BEGIN DATASET RECORDS
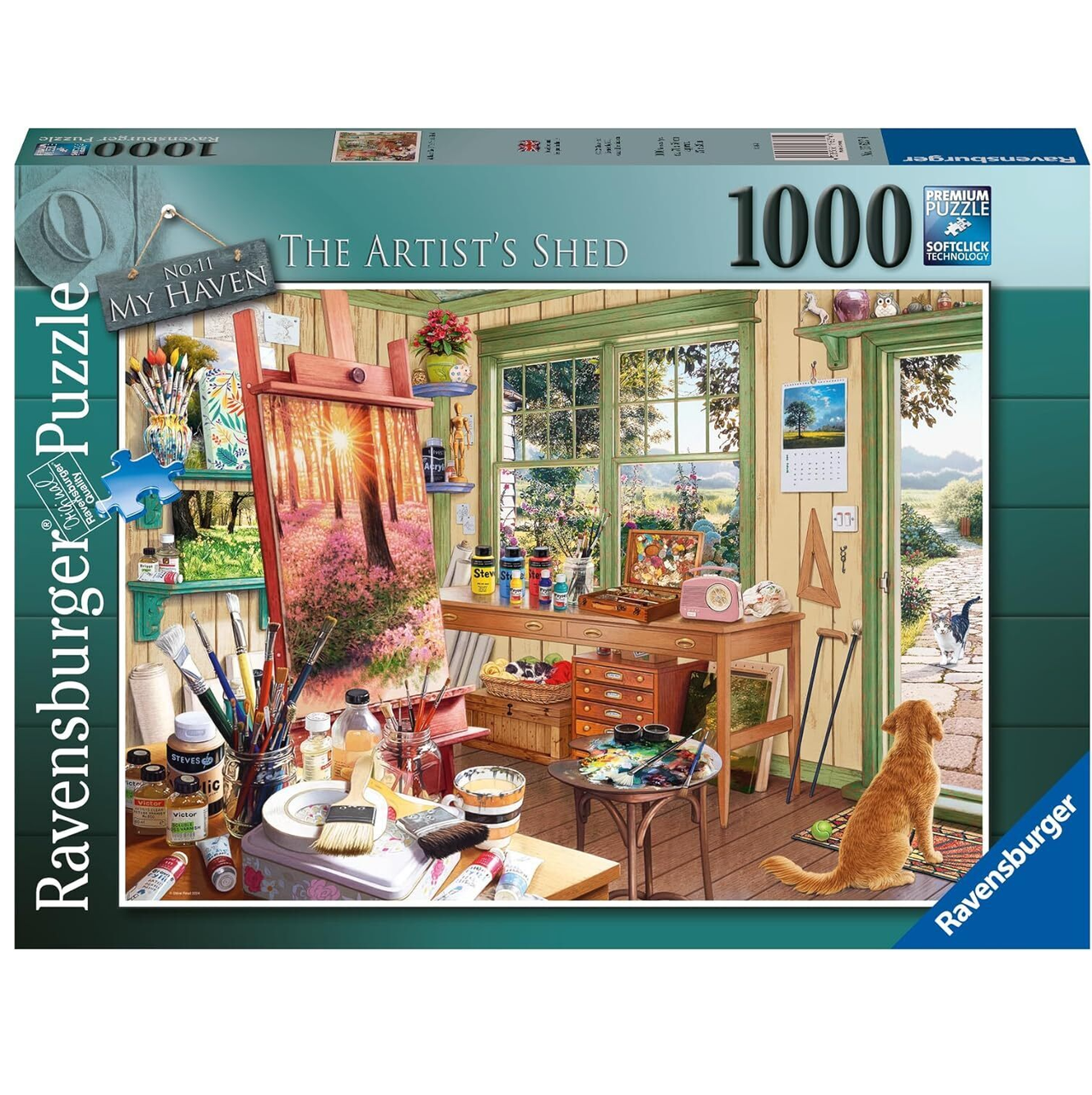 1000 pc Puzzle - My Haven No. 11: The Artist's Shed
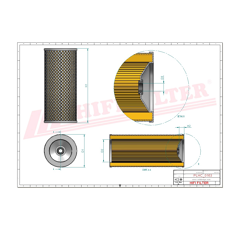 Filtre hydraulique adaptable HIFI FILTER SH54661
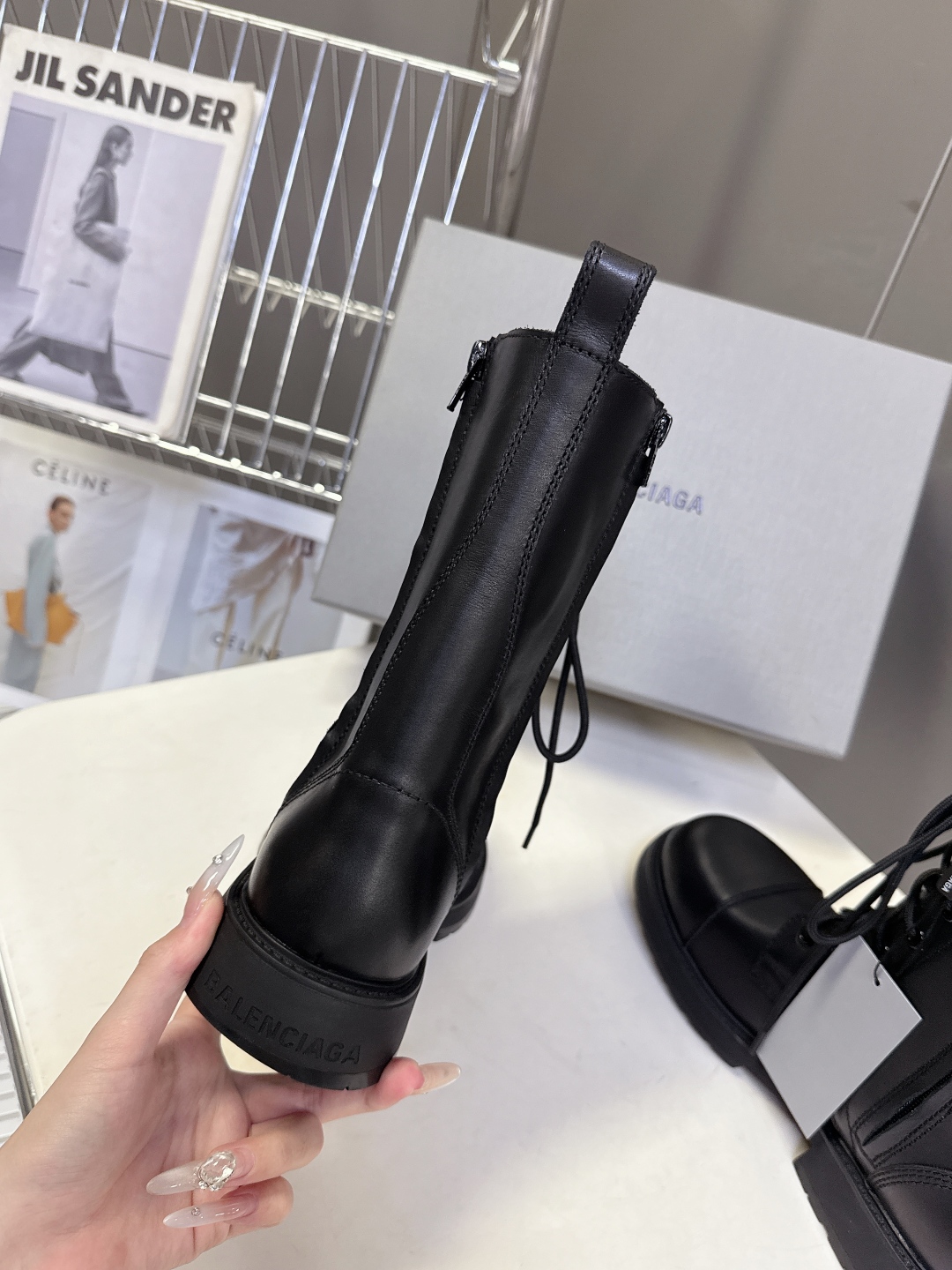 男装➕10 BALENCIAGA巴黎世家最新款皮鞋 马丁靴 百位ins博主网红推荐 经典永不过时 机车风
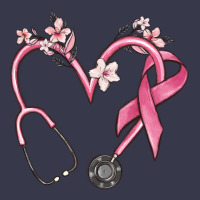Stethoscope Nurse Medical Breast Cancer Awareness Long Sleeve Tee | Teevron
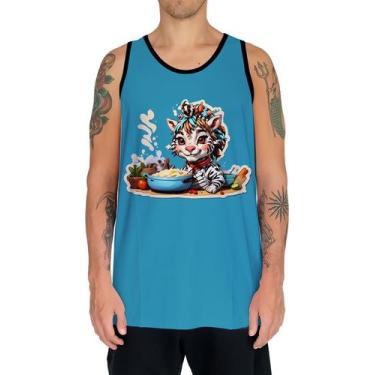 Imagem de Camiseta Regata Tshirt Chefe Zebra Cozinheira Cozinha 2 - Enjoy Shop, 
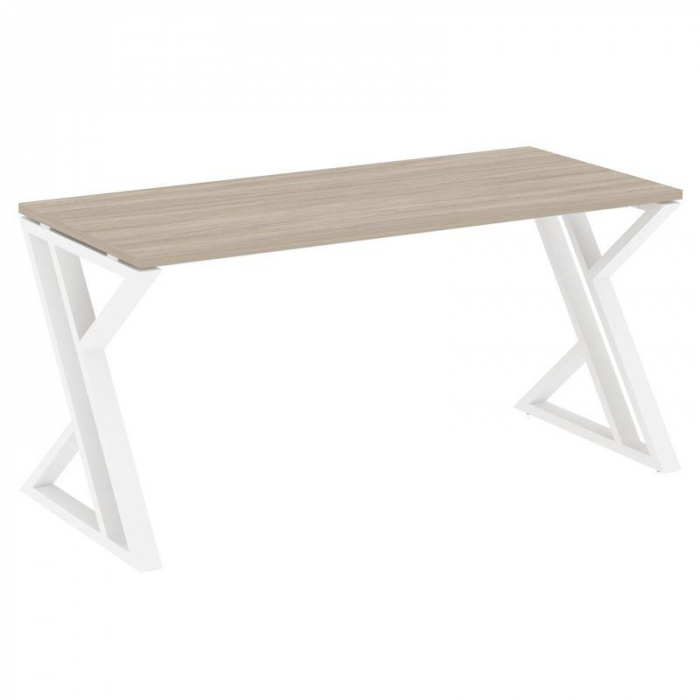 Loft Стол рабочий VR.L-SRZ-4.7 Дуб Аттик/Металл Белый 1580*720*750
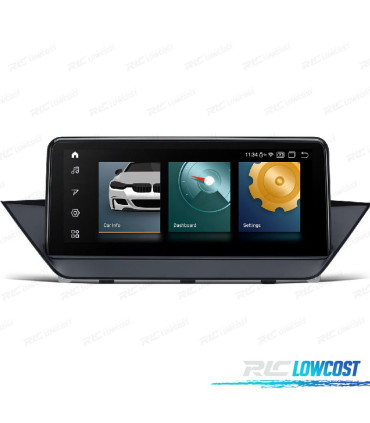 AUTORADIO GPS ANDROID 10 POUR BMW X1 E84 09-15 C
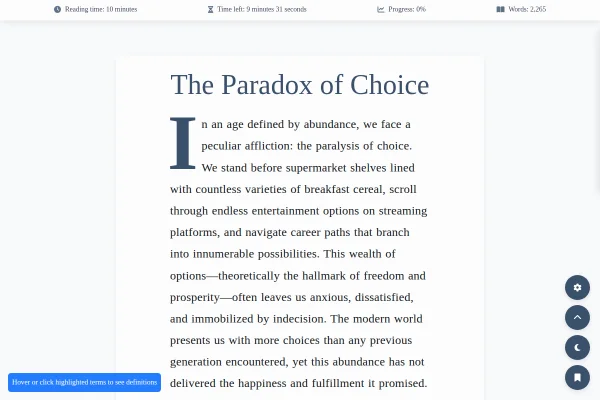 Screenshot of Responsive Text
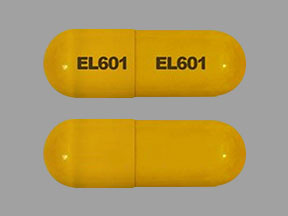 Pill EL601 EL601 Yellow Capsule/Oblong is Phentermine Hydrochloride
END DATASET RECORDS
BEGIN DATASET RECORDS
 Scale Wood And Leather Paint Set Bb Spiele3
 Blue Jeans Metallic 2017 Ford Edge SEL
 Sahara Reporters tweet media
END DATASET RECORDS
▶ **TASK DIRECTIONS**: Pictures excluded, transcribe the listing above exactly from the line with "1000 pc Puzzle" through the line with "Pill EL601 EL601", and no further.

▶ **EXERCISE RESPONSE**:
 1000 pc Puzzle - My Haven No. 11: The Artist's Shed
 Filtre hydraulique adaptable HIFI FILTER SH54661
 男装➕10 BALENCIAGA巴黎世家最新款皮鞋 马丁靴 百位ins博主网红推荐 经典永不过时 机车风
Stethoscope Nurse Medical Breast Cancer Awareness Long Sleeve Tee | Teevron
 Imagem de Camiseta Regata Tshirt Chefe Zebra Cozinheira Cozinha 2 - Enjoy Shop, 
 Loft Стол рабочий VR.L-SRZ-4.7 Дуб Аттик/Металл Белый 1580*720*750
 AUTORADIO GPS ANDROID 10 POUR BMW X1 E84 09-15 C
 Screenshot of Responsive Text
 Pill EL601 EL601 Yellow Capsule/Oblong is Phentermine Hydrochloride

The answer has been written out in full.